# Work item:
Among the entries below, only the lines from the one with "We simplify by" through the one with "This arm is" are wanted, reproduced exactly. Pictures are not wanted.

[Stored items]
================================

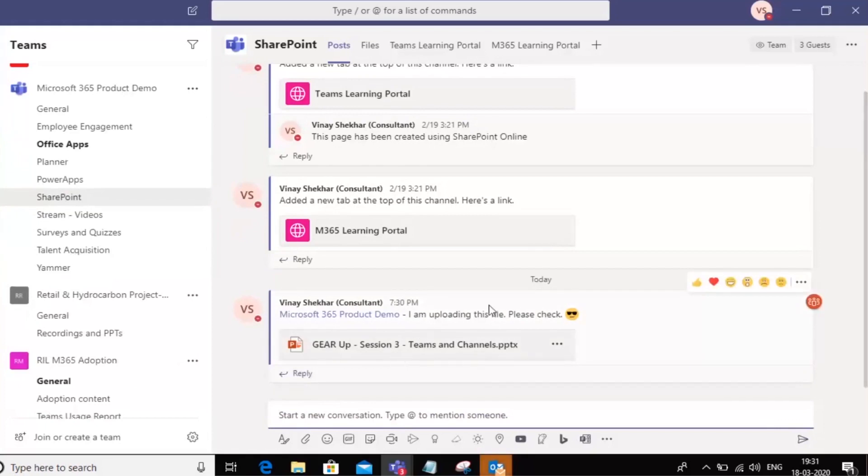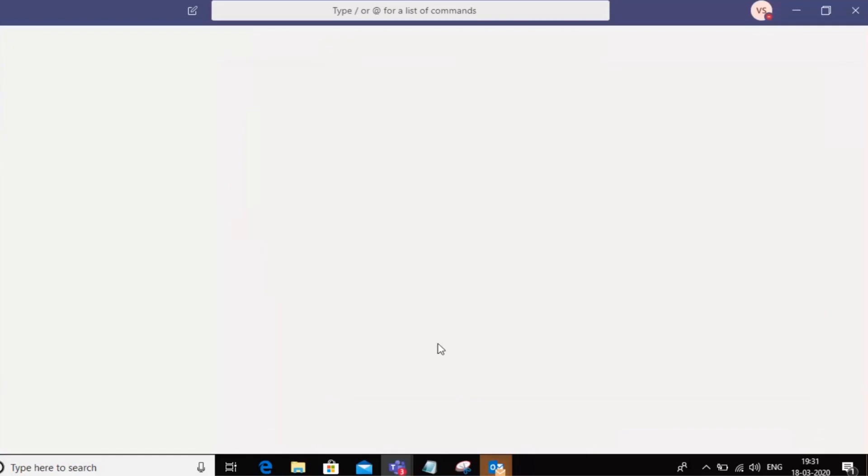Now notice this, it's already gone and they can all view it from Teams itself. I can click on the file and it opens up within the Teams client itself.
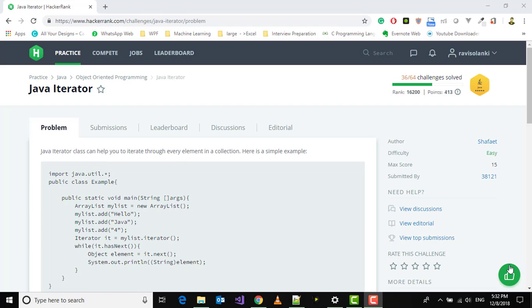Hi everyone, welcome to another Java HackerRank video lecture series. In this video we're going to learn Java Iterator. The Java Iterator class can help you iterate through every element in a collection.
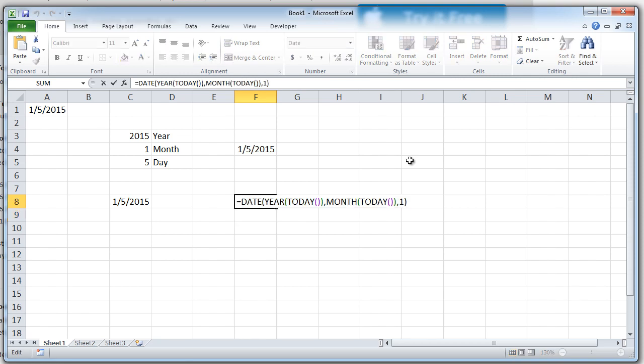Similarly, you can create whatever date you want, 7th, 10th, 15th, or even you can choose which year to have, which month to have, whatever you want to do. Thank you for watching.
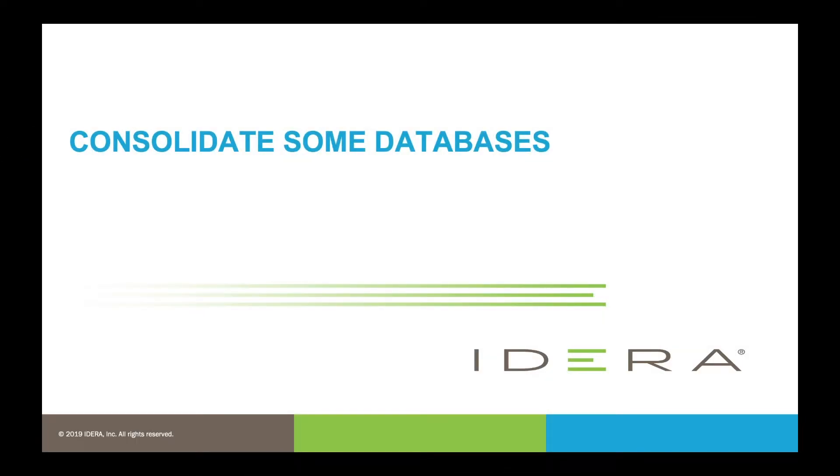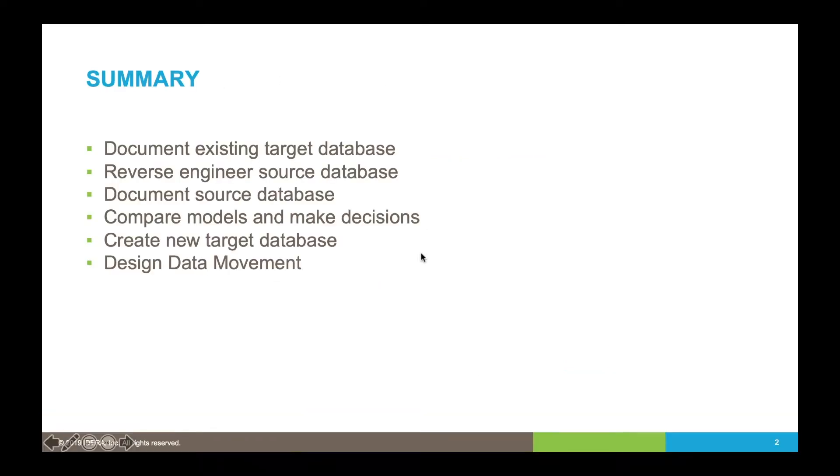In this set of videos, we're going to show how IDERA Data Architect can be used to consolidate some databases. In this scenario, we'll have two databases with similar information and we want to consolidate them. This is a common use case for ER Studio.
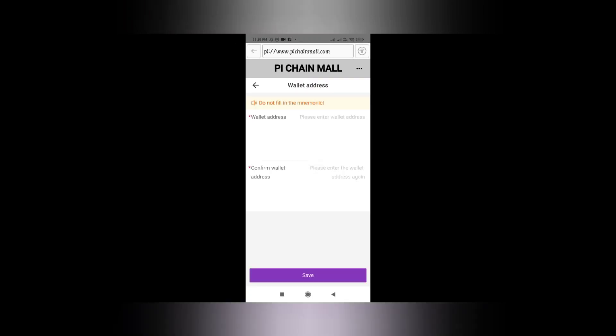What you need to do is confirm your wallet address so that your Pi wallet can be linked into PCM. This can be done using your public key. You will find your public key in your Pi wallet. To login into Pi Chain Mall we will require the use of the Pi wallet.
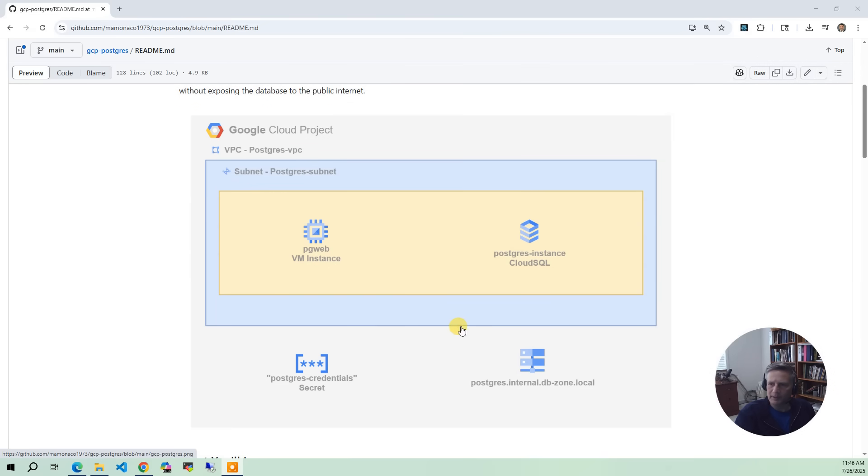Okay, now let's take a look at the architecture diagram. It's fairly simple in GCP. Like everything, GCP is always simpler to get started with.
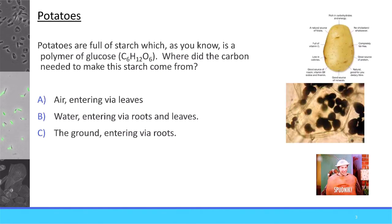We're going to start with two questions. You may or may not know the answers, and if you don't, that's okay. I want you to quiz yourself on these, write down the answers, and then we will come back to them at the end of this lecture to see if your answer changed. The first question deals with potatoes.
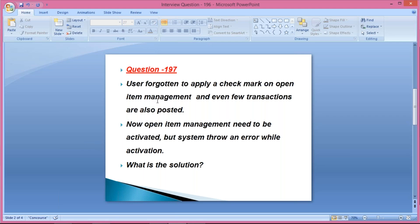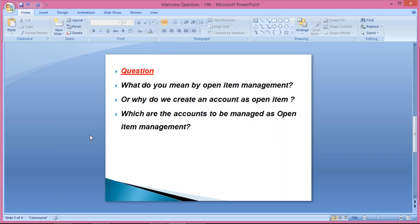So the question is how to activate open item management if the user has forgotten to apply the check mark. Before explaining how to activate open item management, I'll give a brief explanation of what open item management is and which are the accounts supposed to be managed as open item management.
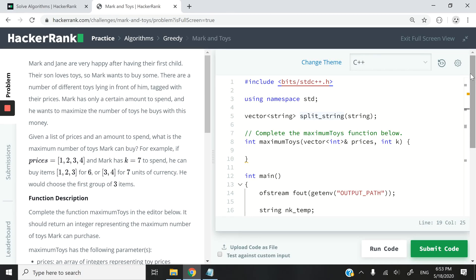Hi guys, today we are solving a greedy algorithm problem from HackerRank and it's called Mark and Toys.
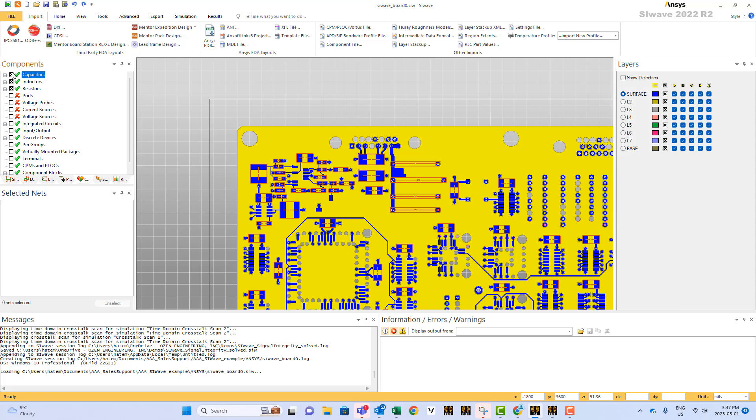For RLC capacitors, if you want to hide all the capacitors, just click here and all the capacitors will disappear.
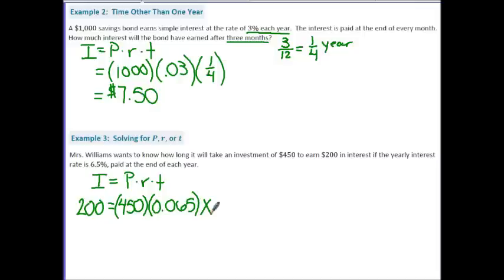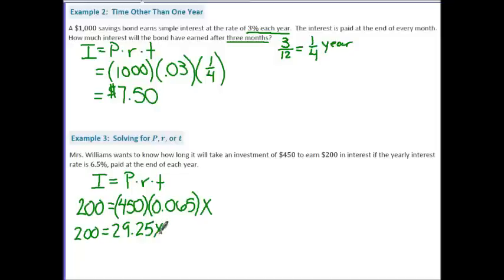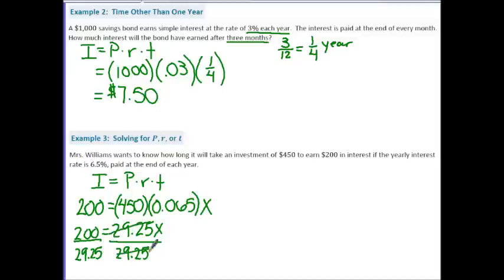We simplify by multiplying 450 times 0.065, which gives us 29.25. Now we have 200 equals 29.25 times X. To solve for X, we divide both sides by 29.25, and we get X equals approximately 6.84. Because interest is paid at the end of each year, in order to reach $200 or more we round up to 7 years.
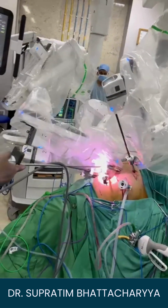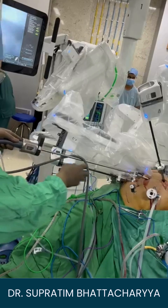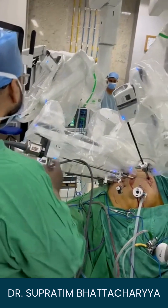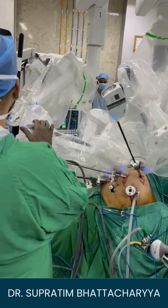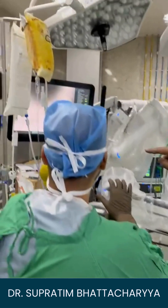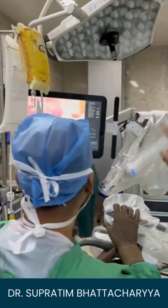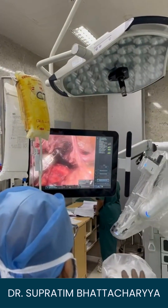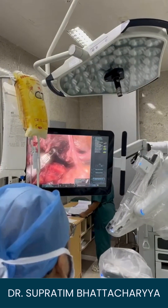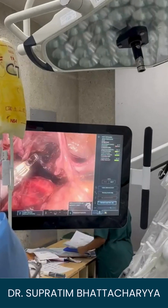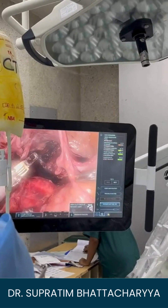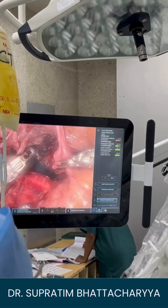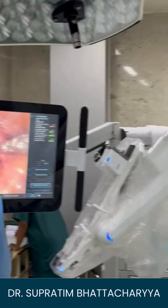This arm is controlled from the robotic boom. This is the patient part. Now, we have a vision part here. This vision part is touch-enabled, and you can actually convey your instructions from this part to the console.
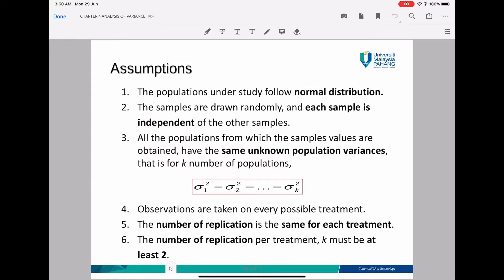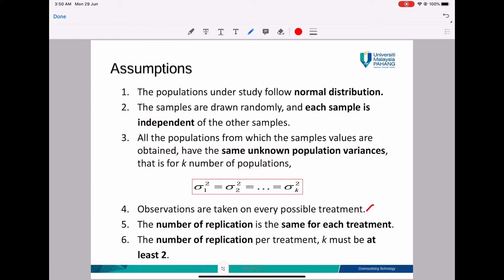Before we proceed with the two-way ANOVA test, let's look at the assumptions. The assumptions for two-way ANOVA are the same as the assumptions for one-way ANOVA, except one-way ANOVA has three assumptions and two-way ANOVA has six. Assumptions one, two, and three are the same as one-way ANOVA, with the additional assumptions four, five, and six. Assumption four: observations are taken on every possible treatment. Assumption five: the number of replications must be the same for each treatment. Assumption six: the number of replications per treatment must be at least two.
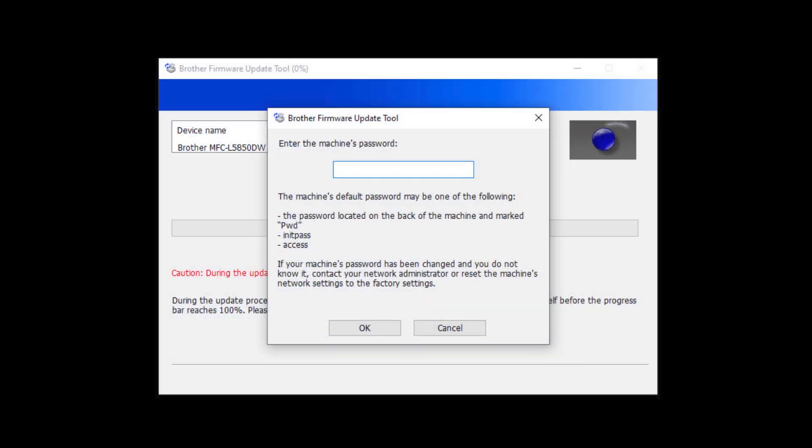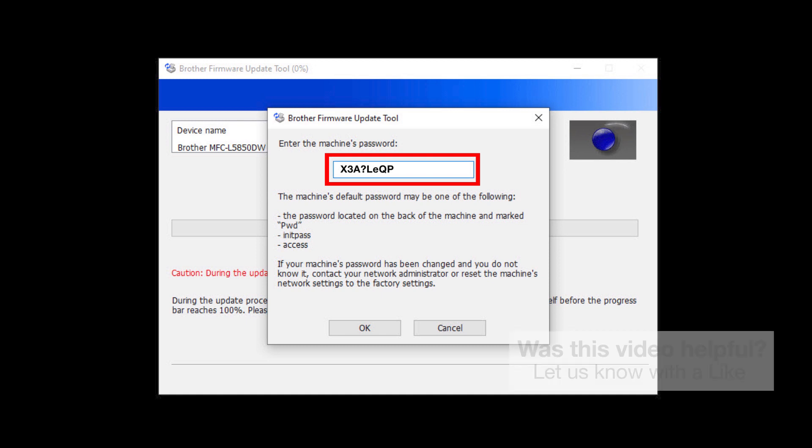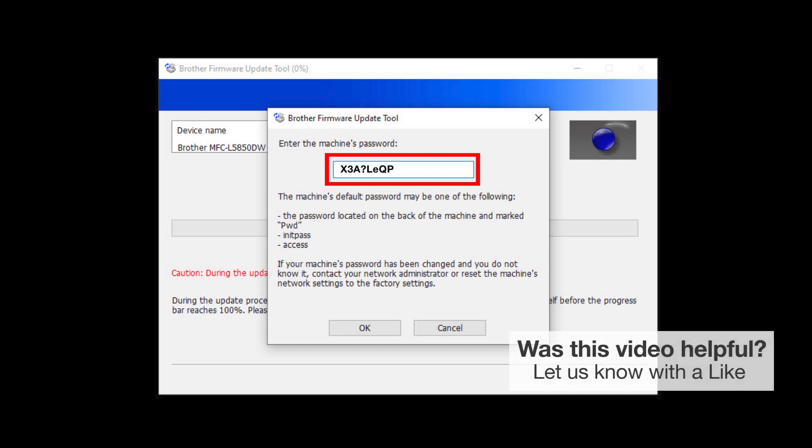For older machines without a password label, use the word "initpass" or the word "access" as the default password. When prompted, enter the default password into the password field.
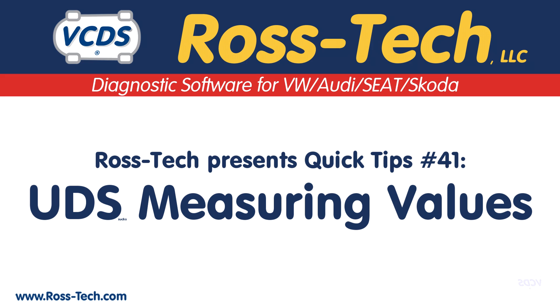This is Quick Tips number 41 in the Ross Tech Quick Tips series. Today we're going to talk about UDS. People often ask me what UDS stands for and why does it suck so much.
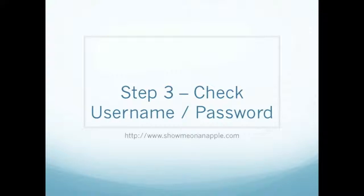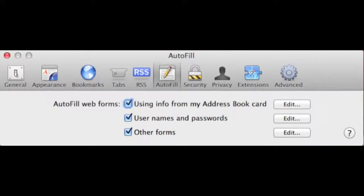Step three, go ahead and check username/password. Additional options include other forms and using info from your address book card.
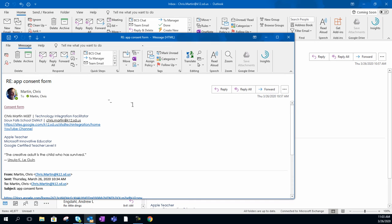Whenever I get requests from teachers asking about a certain website, the first thing I ask about is: have you looked at the terms of service of the website and the privacy policy? How are you protecting the student's privacy using that resource or that app?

================================

# Answer space:
We simplify by multiplying 450 times 0.065, which gives us 29.25. Now we have 200 equals 29.25 times X. To solve for X, we divide both sides by 29.25, and we get X equals approximately 6.84. Because interest is paid at the end of each year, in order to reach $200 or more we round up to 7 years.
This arm is controlled from the robotic boom. This is the patient part. Now, we have a vision part here. This vision part is touch-enabled, and you can actually convey your instructions from this part to the console.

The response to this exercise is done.